Written by Michael Larabel in Software on 13 December 2022 at 01:30 PM EST. Page 1 of 5. 5 Comments.

Released on Sunday was Linux 6.1 and in addition to having many new features making it all the more exciting is that it's expected to be this year's Long-Term Support (LTS) kernel release. As such it will see widespread adoption particularly among servers and much interest from the hyperscalers. For those weighing an upgrade from last year's Linux 5.15 LTS kernel, Linux 6.1 with initial testing on an AMD EPYC Milan-X 2P server has shown a nice speed bump is possible across a wide-range of workloads.

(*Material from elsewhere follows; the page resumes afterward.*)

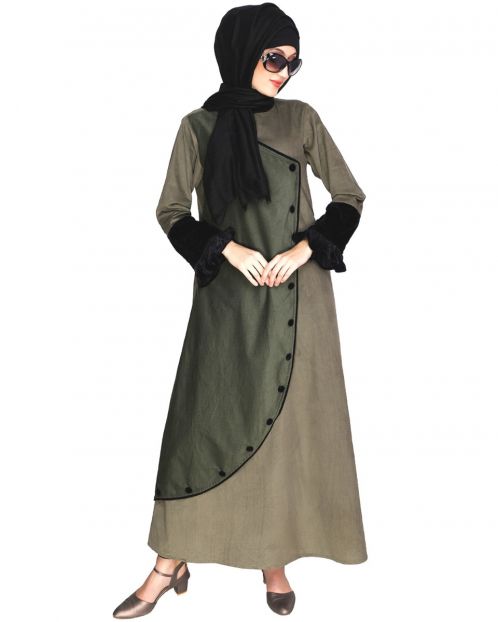 Tarseel - Stylish Designer Short Denim Abaya For Her - Short Abaya Frock  Style Short Denim Jeans Abaya For Women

Linux 5.15 is the Long Term Support kernel of 2021. Linux 5.15 is expected to be maintained for at least another year through October 2023, but could be extended to six years or more like Linux 5.10, 5.4, 4.19, etc. Whether Linux 5.15 LTS is extended past October 2023 all comes down to usage and commitments from organizations planning to use the kernel in production deployments. With time we'll see similarly whether Linux 6.1 LTS is maintained for just two years or ends up being for 6+ years. Greg Kroah-Hartman typically picks the last kernel series of each calendar year to serve as that year's LTS version.

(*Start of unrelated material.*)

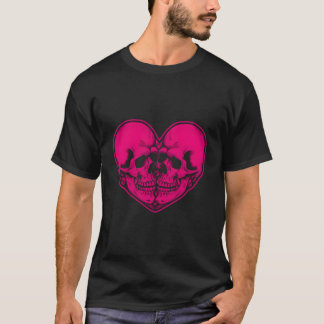 Två Döskallar ger formen av en hjärtklappad slump T Shirt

Given that many enterprises stick to the Linux LTS kernel versions, I ran some benchmarks on an AMD EPYC 7773X 2P server for seeing the performance differences across the past several Long Term Support series. Tested for today's comparison is the LTS branches of Linux 5.4 (5.4.224), Linux 5.10 (5.10.130), Linux 5.15 (5.15.81), and Linux 6.1 (Git snapshot from this past weekend).

These kernels were obtained from the Ubuntu Mainline Kernel PPA for easy reproducing and tested on the same server, which was a dual AMD EPYC 7773X (Milan-X) configuration with AMD's Daytona reference platform, 512GB of RAM, and 800GB Intel Optane P5800X (SSDPF21Q800GB) NVMe solid-state drive. The tests and hardware were kept the same and the only change being swapping out the Linux kernel in use.

A similar Linux LTS kernel comparison on Xeon Scalable "Ice Lake" hardware will be coming up in its own article shortly on Phoronix with this being a look at the AMD Milan(X) side. Milan-X was used rather than the latest AMD EPYC 9004 "Genoa" processors in order to maintain hardware support going back to the Linux 5.4 kernel release from late 2019.